* **Data block**

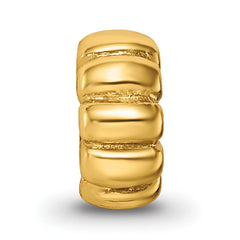 Sterling Silver Gold-Plated Scalloped Spacer Bead with Polished Finish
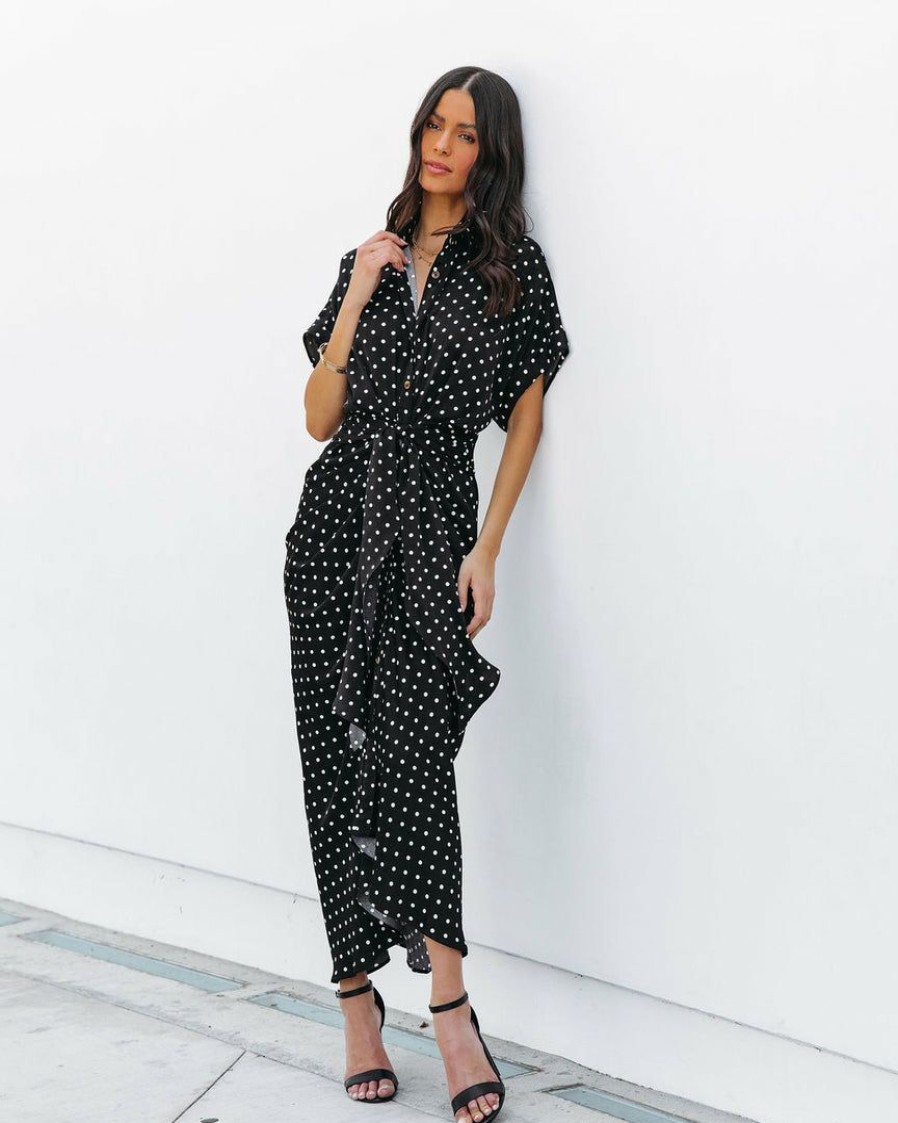 Clothing * | Mabl-001 Aurielle Polka Dot Tie Front Midi Shirt Dress Black Final Sale Vici Exclusives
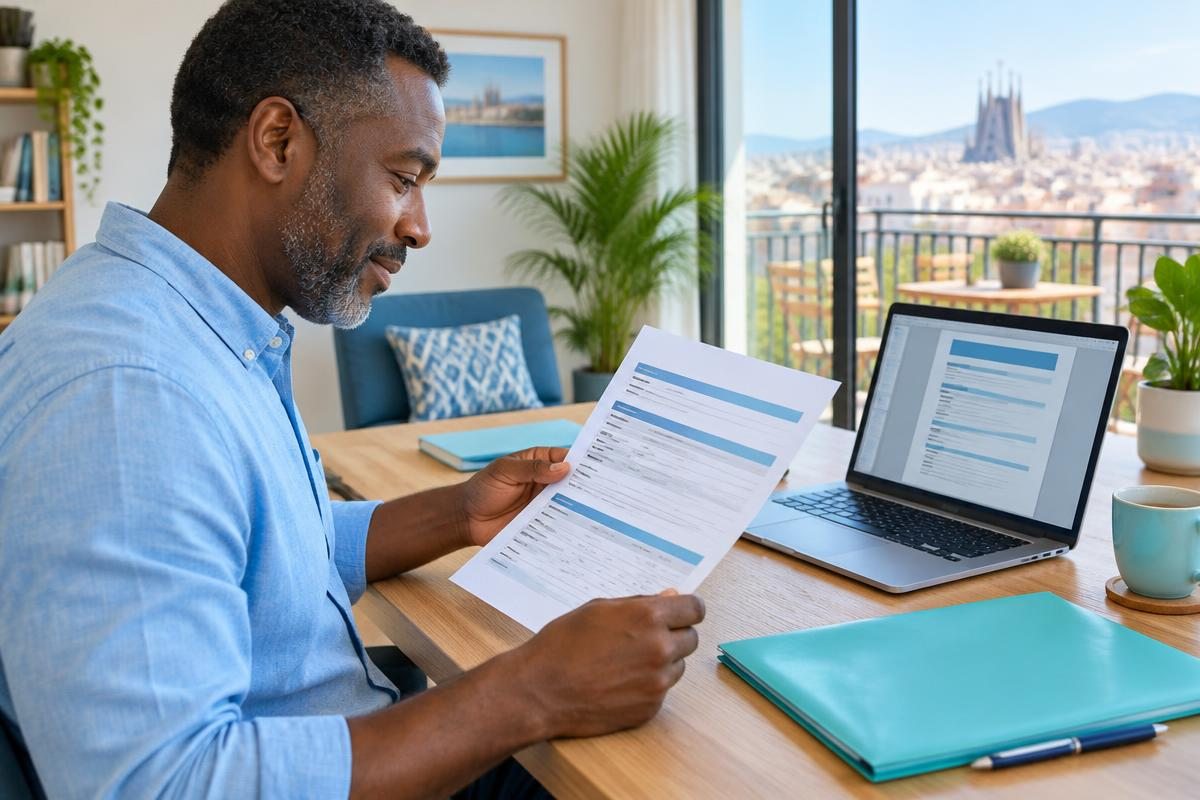 A man reviewing a printed employment-history report beside a laptop in a Barcelona home office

* **Work order**
Pictures aside, repeat every line of the data above exactly.

* **Reply to the exercise**
 Sterling Silver Gold-Plated Scalloped Spacer Bead with Polished Finish
 Clothing * | Mabl-001 Aurielle Polka Dot Tie Front Midi Shirt Dress Black Final Sale Vici Exclusives
 A man reviewing a printed employment-history report beside a laptop in a Barcelona home office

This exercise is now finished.